| Data records |

+ + +

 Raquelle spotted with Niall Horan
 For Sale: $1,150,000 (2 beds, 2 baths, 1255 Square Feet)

+ + +

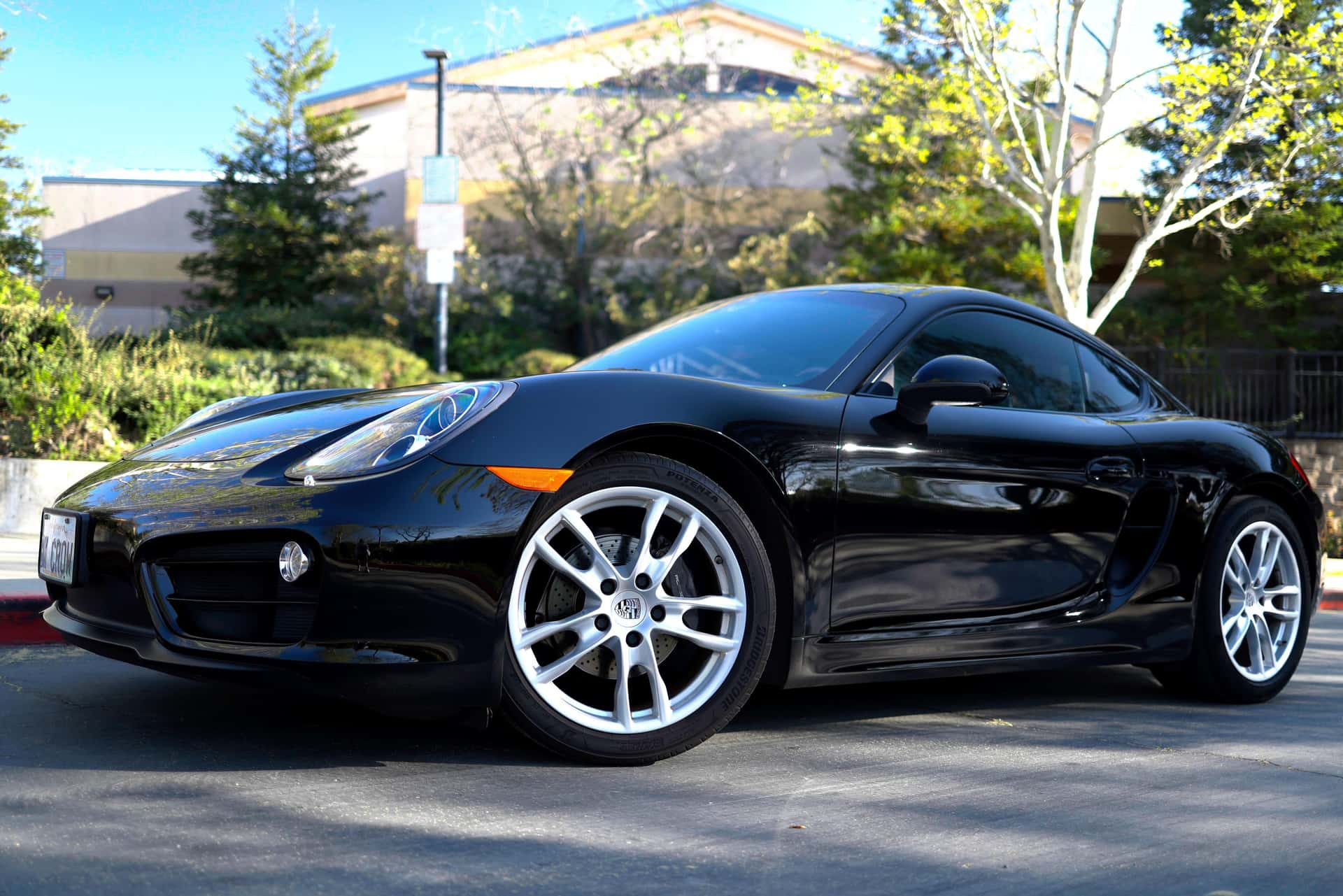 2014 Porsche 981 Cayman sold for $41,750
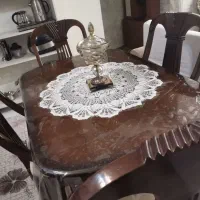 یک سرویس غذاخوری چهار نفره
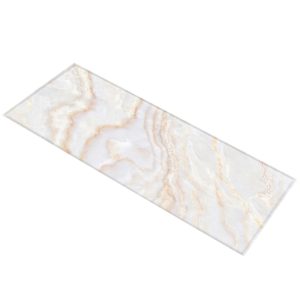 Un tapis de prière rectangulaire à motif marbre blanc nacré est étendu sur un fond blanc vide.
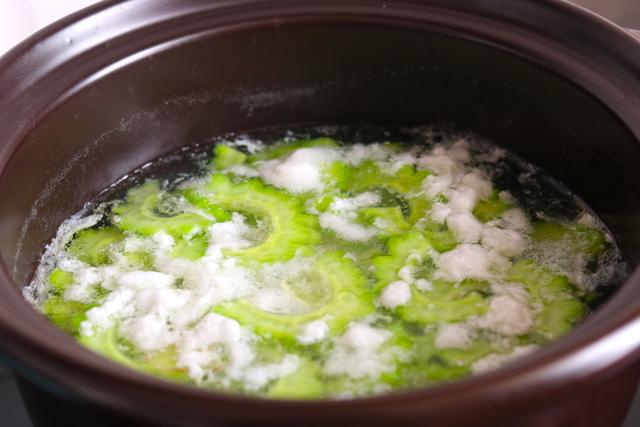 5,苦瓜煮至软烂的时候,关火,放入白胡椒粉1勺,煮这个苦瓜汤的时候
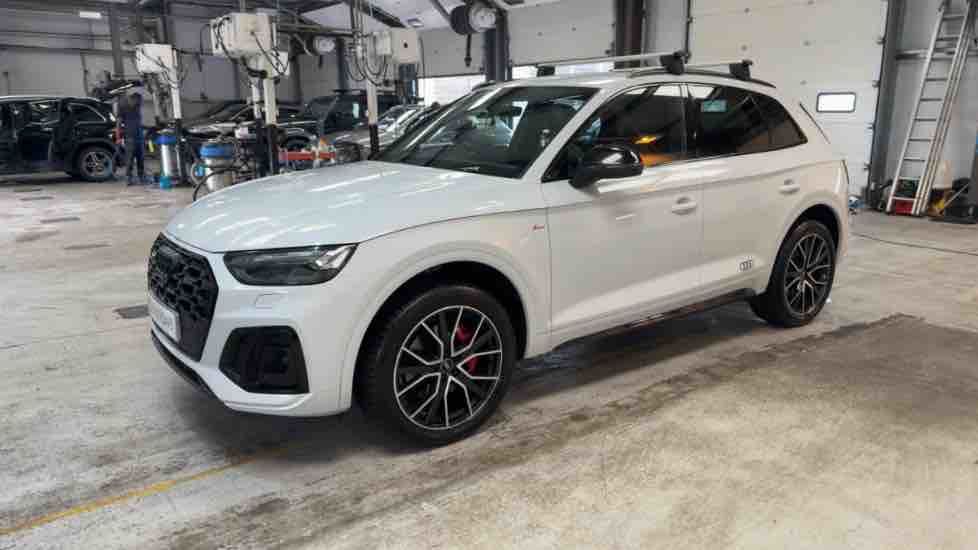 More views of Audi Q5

+ + +

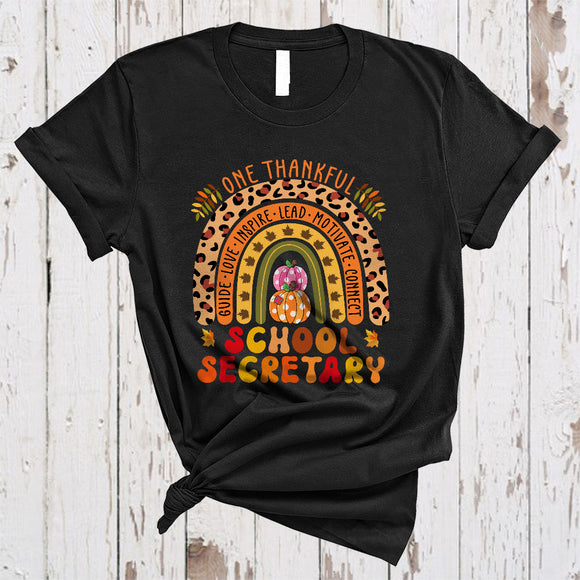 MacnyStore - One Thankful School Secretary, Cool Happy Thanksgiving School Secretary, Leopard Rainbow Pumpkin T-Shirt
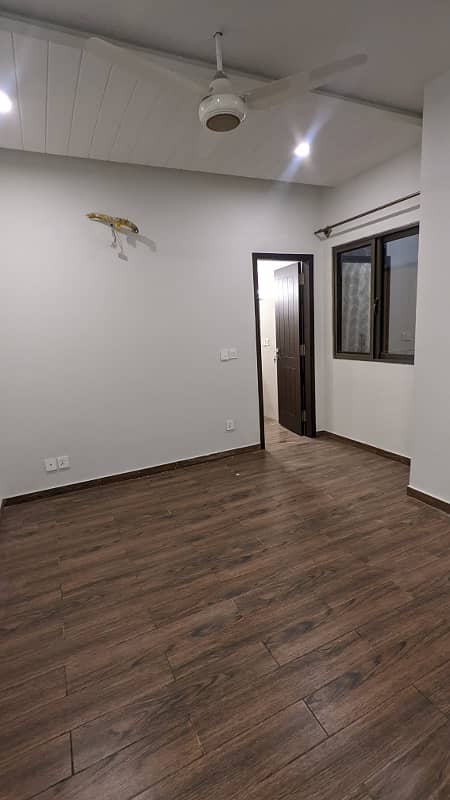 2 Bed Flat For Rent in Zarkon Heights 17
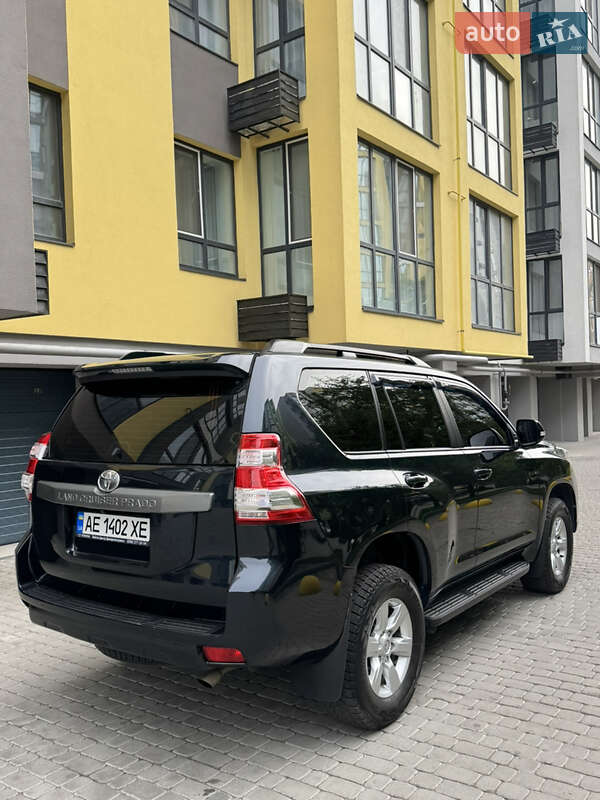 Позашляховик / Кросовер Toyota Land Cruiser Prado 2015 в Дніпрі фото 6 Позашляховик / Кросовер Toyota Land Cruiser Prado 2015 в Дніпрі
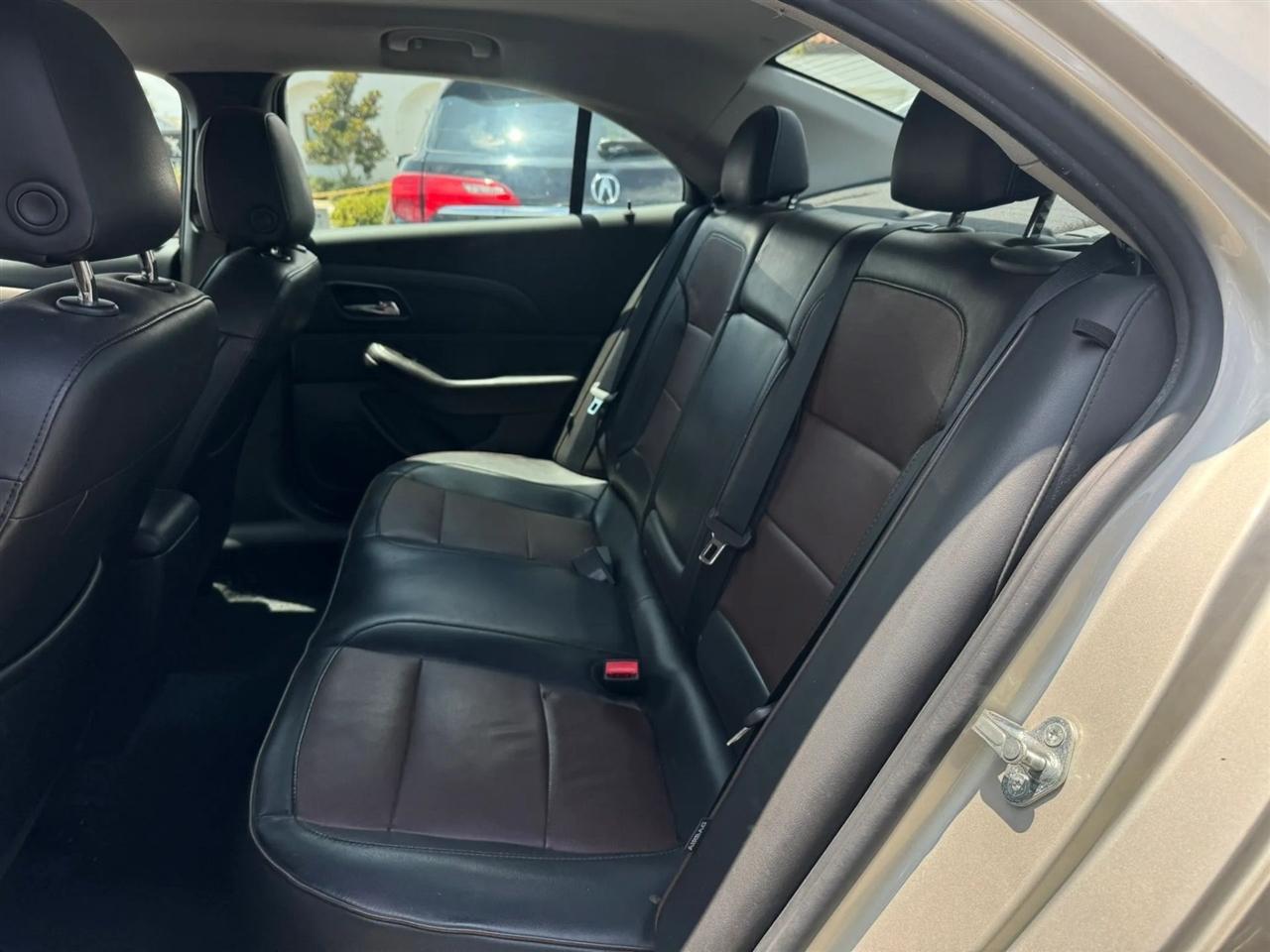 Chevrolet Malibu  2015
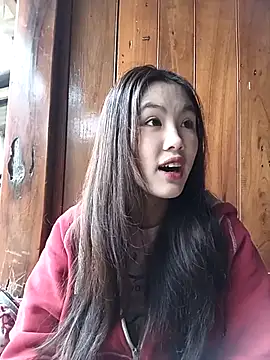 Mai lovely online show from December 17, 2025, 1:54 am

+ + +

| Try it |
Copy nothing but the lines above that run from the one with "MacnyStore - One" to the one with "2 Bed Flat For Rent in Zarkon Heights 17", ends included; pictures stay out.

| Final answer |
 MacnyStore - One Thankful School Secretary, Cool Happy Thanksgiving School Secretary, Leopard Rainbow Pumpkin T-Shirt
 2 Bed Flat For Rent in Zarkon Heights 17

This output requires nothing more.